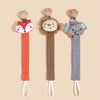 Three elephant pacifier holders in wood and fabric textures displayed against a light background.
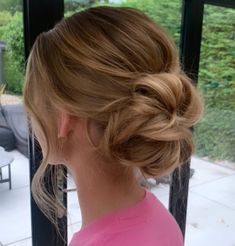 a woman with blonde hair is looking out the window and has her head in a bun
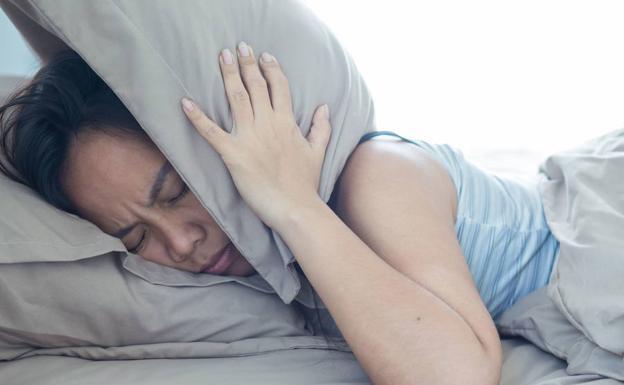 A woman covers herself with a cushion due to annoying snoring. 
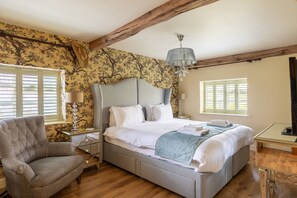 A bedroom with a bed, a chair, a nightstand, a lamp, and a chandelier.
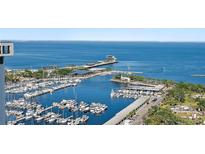 Breathtaking aerial view of a marina with yachts and city waterfront at 175 1St S St # 3008, St Petersburg, FL 33701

========================================

Work task — Begin with the line holding "A woman covers" and end with the last line of the listing. Reproduce each of those lines exactly, and leave every picture out.

Result of the exercise —
 A woman covers herself with a cushion due to annoying snoring. 
 A bedroom with a bed, a chair, a nightstand, a lamp, and a chandelier.
 Breathtaking aerial view of a marina with yachts and city waterfront at 175 1St S St # 3008, St Petersburg, FL 33701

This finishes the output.